Organizacja branżowa – do której należy także Infor PL, wydawca DGP – rekomenduje swoim członkom, aby uzupełnili regulaminy korzystania z treści na ich stronach internetowych wydawców o specjalne zastrzeżenie chroniące te treści przed niekontrolowanym dostępem AI. Zgodnie z nim zwielokrotnianie publikowanych przez danego wydawcę utworów - w tym systematyczne ich pobieranie przy użyciu oprogramowania lub innego zautomatyzowanego systemu (tzw. web scraping) - w celu eksploracji tekstu i danych (TDM, od: text and data mining) jest niedozwolone bez wyraźnej zgody wydawcy. W szczególności chodzi o korzystanie z publikacji prasowych do szkolenia systemów uczenia maszynowego lub sztucznej inteligencji.

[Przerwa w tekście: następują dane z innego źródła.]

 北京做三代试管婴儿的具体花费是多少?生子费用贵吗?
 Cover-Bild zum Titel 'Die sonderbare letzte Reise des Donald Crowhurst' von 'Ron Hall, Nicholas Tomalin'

Nowe prawo autorskie zmieniło zasady gry
Wiąże się to z unijną dyrektywą 790/2019 w sprawie prawa autorskiego i praw pokrewnych na jednolitym rynku cyfrowym (dyrektywa DSM). Polska implementowała ją w nowelizacji ustawy o prawie autorskim i prawach pokrewnych (tj. Dz.U. z 2024 r. poz. 1254). Wśród nowych rozwiązań znalazła się forma dozwolonego użytku w celu eksploracji tekstów i danych.
W pierwszej wersji projektu nowelizacji prawa autorskiego resort kultury zapisał, że dozwolony użytek TDM nie może służyć tworzeniu generatywnych modeli AI. Później jednak to rozwiązanie usunięto. W rezultacie z publicznie dostępnych w internecie utworów można korzystać także do trenowania AI – chyba że właściciel praw (podmiot uprawniony) dokona zastrzeżenia, wyłączając swoje dzieła spod reguły dozwolonego użytku TDM (tzw. opt-out). Taką funkcję ma pełnić udostępniony przez IWP plik.

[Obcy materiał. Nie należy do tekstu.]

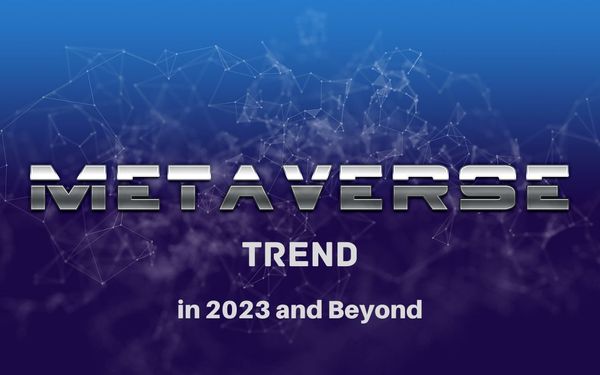 Top Metaverse Trends in 2023 and Beyond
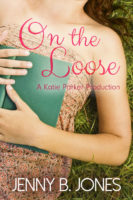 On the Loose (A Katie Parker Production Act II) by Jenny B. Jones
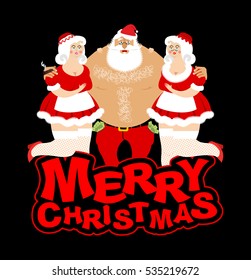 Bad and Drunk Santa and two sexy girls. Entertainment for adults. Strippers hugging man with money. Claus and whores, prostitutes. Merry Christmas. Adult New Year.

Izba Wydawców Prasy ostrzega
Izba argumentuje, że zastrzeżenie „jest konieczne, szczególnie wobec rozwoju systemów AI, które uczone są na treściach prasowych”. Opt-out daje szansę na licencjonowanie korzystania z publikacji prasowych i pobieranie z tego tytułu opłat od podmiotów trenujących modele sztucznej inteligencji. „W przeciwnym razie masowe korzystanie z treści prasowych nie zostanie ograniczone, a wytrenowane na dziennikarskiej twórczości modele AI wkrótce zastąpią potrzebę wykorzystywania publikacji prasowych” – ostrzega IWP.
Do podobnego działania, wtedy jeszcze niezwiązanego z AI, izba zmobilizowała wydawców w 2015 r., gdy opracowano „Notę wydawniczą” – tj. regulamin korzystania z artykułów prasowych. Funkcjonujące do dziś zastrzeżenie ma chronić prawa autorskie wydawców do treści prasowych, m.in. poprzez określenie ram, rozmiarów czy zakresów, w których można korzystać z utworów na zasadzie dozwolonego użytku.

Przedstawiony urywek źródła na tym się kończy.